A few things that turn out to matter more than they sound like they will.

**Calibrate the cost rate card per model.** Vendor pricing changes; some models bill reasoning tokens as completion (full output rate), others bill them at a discount, others don't expose them at all. Without a calibrated rate card per model, your $/PR numbers are decorative. Update the card monthly or whenever a vendor announces pricing changes.

**Pin model tags.** `gpt-5` and `gpt-5-2026-04-01` may not be the same model in two weeks. Pin specific tags in the pool config; treat a model upgrade the same way you treat any other config change (commit, dispatch a few canary items, watch).

**Tag PRs with replica + model.** Every PR opened by a heterogeneous pool should carry metadata in the body or labels: `builder-medium-2 (gemini-2.5-flash)`. This makes the analysis cheap — `SELECT model, AVG(merge_time), AVG(required_fix_count) FROM prs GROUP BY model` writes itself when the metadata is there.

**Track defers as first-class outcomes, not failures.** A defer is the agent declining to ship rather than shipping a broken PR. That is a feature. Collapse the wrong way — counting defers as failures — and you'll discourage the behavior and end up with more REQUIRED-FIX cycles.

**Be careful about prompt diffs.** If `replica-1` has a different prompt as well as a different model, you are testing both at once. Sometimes that's the point (each model has slightly different prompt ergonomics). Sometimes it muddles the comparison. Decide explicitly which you are doing.

## When this pattern doesn't pay off

The heterogeneous pool is not free. Each additional replica costs you cycles, tokens, and infrastructure. The pattern only wins when:

- **Backlog volume is high enough** that fanout dispatch doesn't starve any single arm. With 4 replicas and 12 items per day, each arm averages 3 dispatches — fine. With 4 replicas and 2 items per day, you have no signal.
- **The agent role is well-defined** and the same spec is genuinely runnable by multiple models. A pool that includes a model the others can't compete against (because the spec format relies on capabilities only one supports) is just a homogeneous pool wearing a costume.
- **You actually look at the data**. The pattern produces a continuous dataset; if nobody reads the dashboard or rotates the routing decision, you're paying for parallel work and learning nothing.

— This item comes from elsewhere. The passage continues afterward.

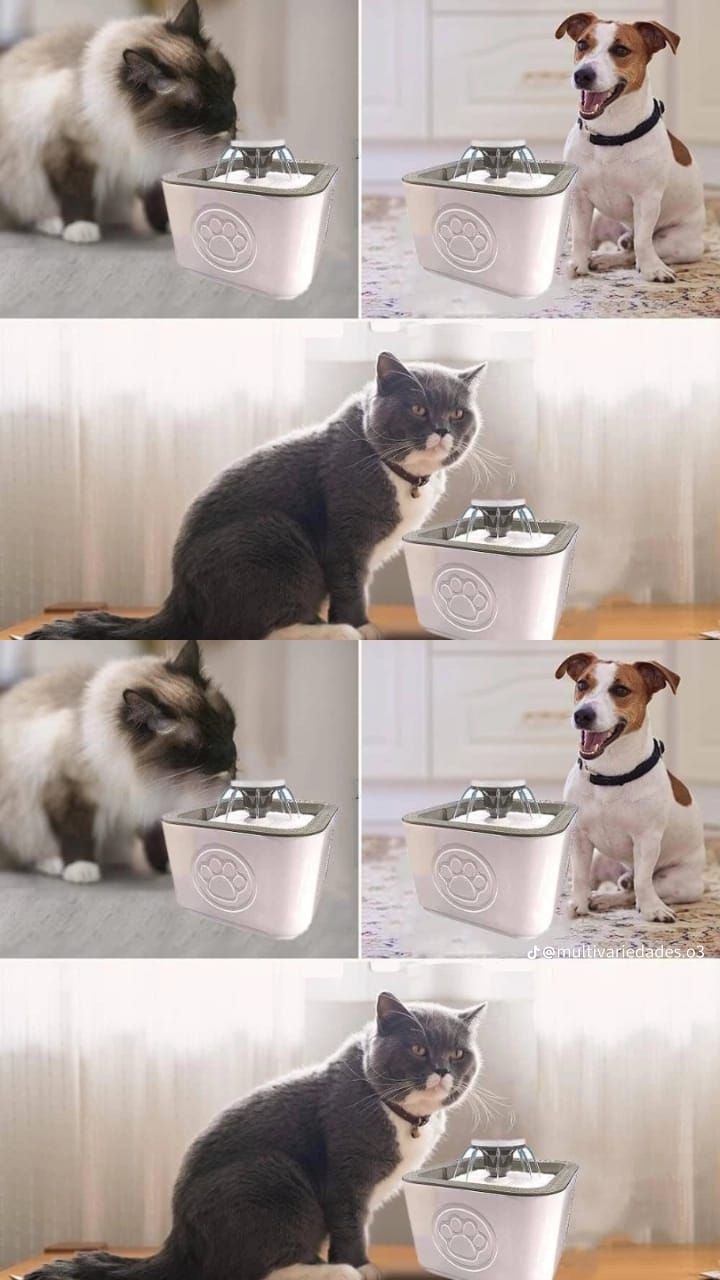 HydroPet Lux™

For low-volume backlogs, a periodic sandbox A/B (fire the same spec at multiple models in a one-off comparison) gets you most of the value at less cost. For very tight-budget teams, single-replica pools are more cost-effective. The heterogeneous pool is right when you have enough work to amortize the comparison cost and a real reason to know which model handles your real workload best.

## A worked rollout

A reasonable adoption path for a team that has a homogeneous pool today:

1. **Pick the most-cost-aware pool first** (usually a "medium" or "tier-2" pool where unit cost matters most). Heavy/expensive pools tend to have less variance and less benefit from comparison.
2. **Add the `heterogeneous: true` flag** to defeat env-injection of the pool's default provider/model. Verify the per-replica override is taking effect (`kubectl exec replica-1 -- env | grep MODEL`).
3. **Start with 2 replicas** (your current model + one candidate). Run for a week. Look at the dashboard.
4. **Expand to 3-4 replicas** once you trust the data. Each new replica should test a hypothesis ("does deepseek win on multi-file refactors?"), not just be a new model.
5. **Collapse when you have an answer**. After a month or two you will have either confirmed your current model or found a winner. Collapse back to homogeneous (saving infrastructure cost) and start the cycle again with the next pool.

The point is not to run heterogeneous pools forever. The point is to convert "I think model-X might be better" into "model-X ships 1.4× the PRs at 0.6× the cost for our actual workload" — and then to act on the answer.